+++ GIVEN MATERIAL +++

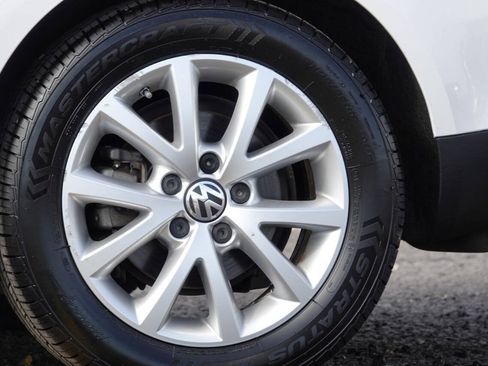 Used 2010 Volkswagen Jetta Limited Edition FWD image 53
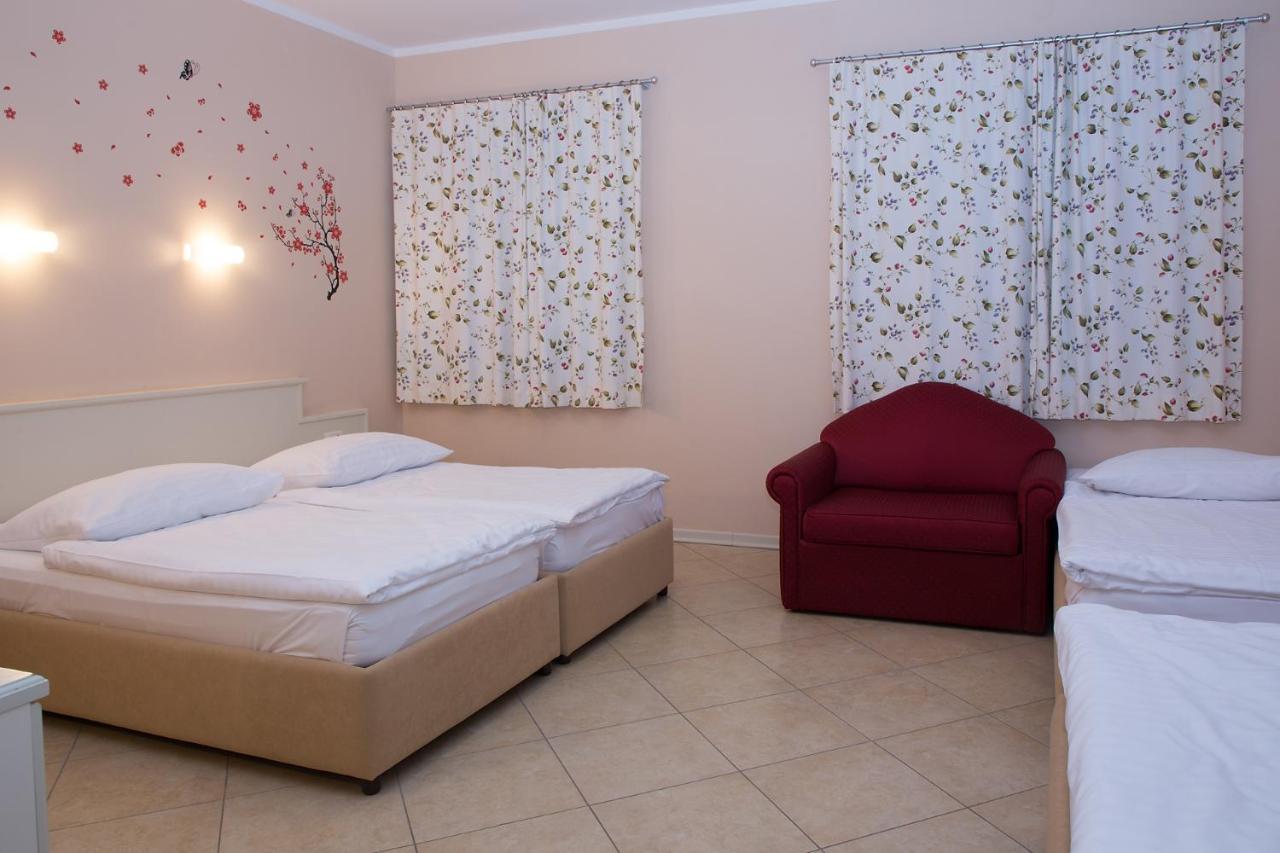 Hotel Kozana Dobrovo Zewnętrze zdjęcie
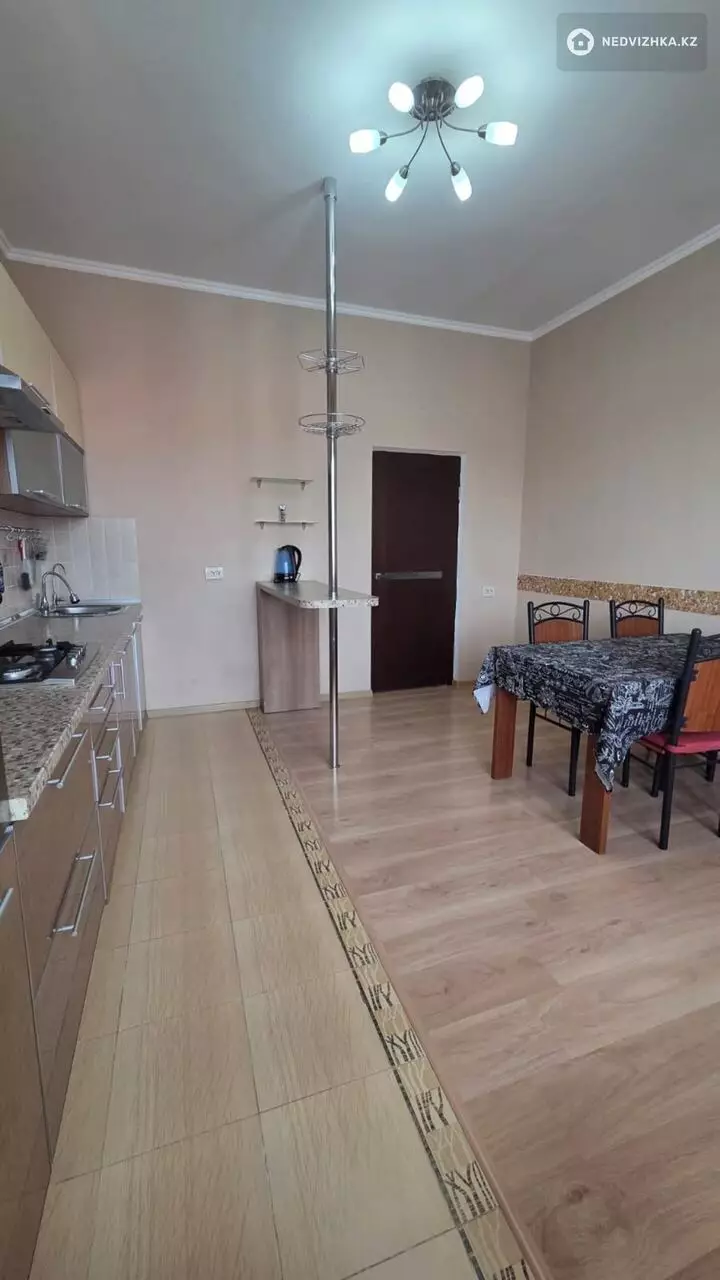 4-комнатная квартира, этаж 4 из 7, 136 м², фотография 2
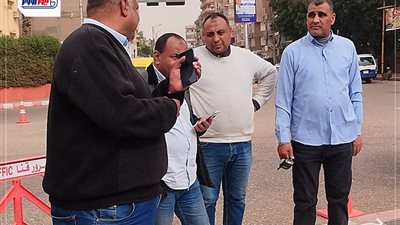 سقوط مجسم الدولفين بسبب العاصفة وسوء الاحوال الجويه في قنا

+++

• **EXERCISE GOAL**: Output the data above exactly, excluding images.

• **FINISHED EXERCISE**:
 Used 2010 Volkswagen Jetta Limited Edition FWD image 53
 Hotel Kozana Dobrovo Zewnętrze zdjęcie
 4-комнатная квартира, этаж 4 из 7, 136 м², фотография 2
 سقوط مجسم الدولفين بسبب العاصفة وسوء الاحوال الجويه في قنا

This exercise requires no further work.